Melissa Buck, who adopted four children with her husband, Chad, through St. Vincent Catholic Charities of Lansing, said it would be “devastating” to her family if Catholic Charities were to get out of the adoption business.
“If I had to transfer to another agency, would they make themselves as available and would we feel welcome?” she said, according to a report in The Detroit News. “These kids have already lost enough.”
Bills Won’t Advance Unless Snyder is on Board
The bill package, approved last month by the House, advances to the full Senate without amendments proposed by Sen.
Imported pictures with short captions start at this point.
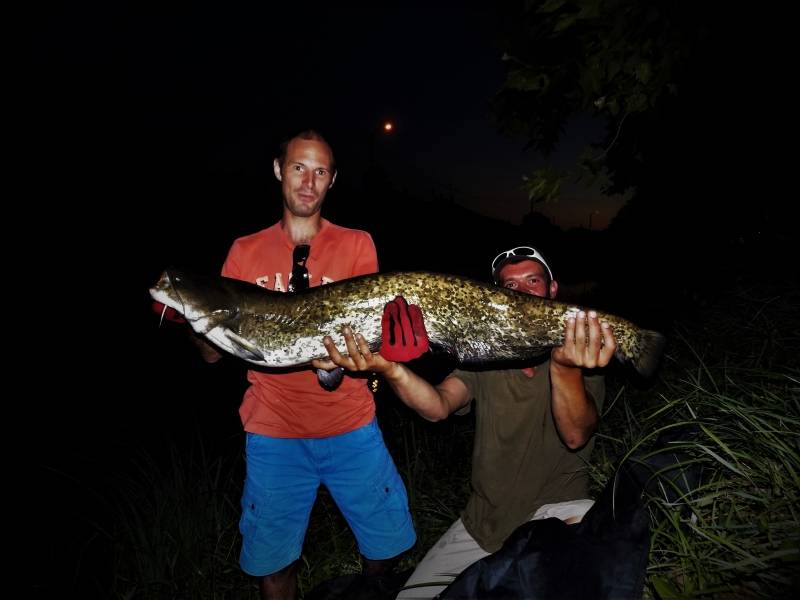 Stage De Peche Du Silure Du Bord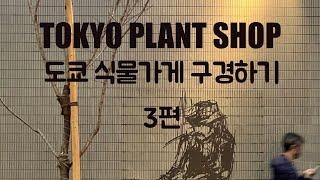 도쿄 식물가게 구경 3편 [ Tokyo Plant Shop Tour 3 ]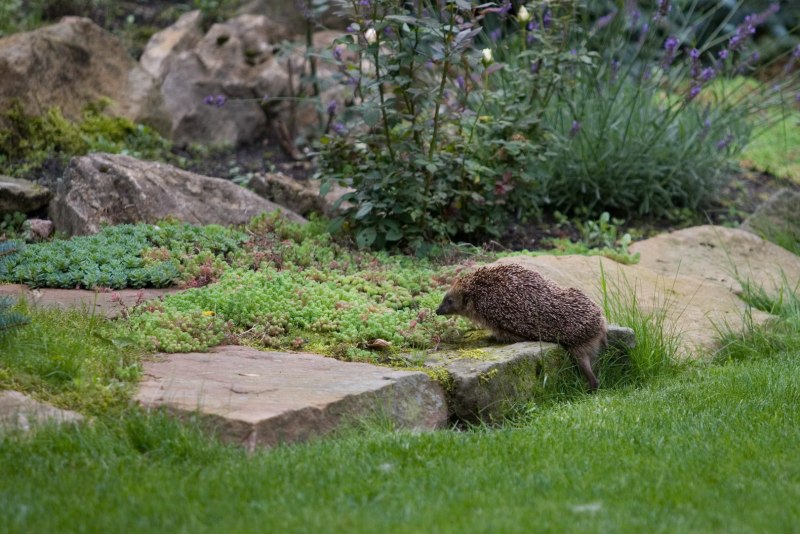 Крокет ежами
Bert Johnson, D-Detroit, the lone Democrat on the committee.
Among the changes he advocates is requiring adoption agencies to explain on their websites the circumstances under which they would refuse service.
“Why beat around the bush?” he said. “It’s a waste of time to discuss a placement that will never take place.”
A spokesperson for Senate Majority Leader Arlan Meekhof said that while he supports the bills, he won’t put them on the debate calendar until he’s confident of Gov. Rick Snyder’s support.
Snyder has said in the past that he would veto a Religious Freedom Restoration Act if it wasn’t tied to expansion of the state’s civil rights law.
He has also said the adoption bills need further review, and that he’s in favor of children being adopted by “loving families” and “loving parents,” according to The Detroit News. He didn’t specify whether that might include same-sex couples.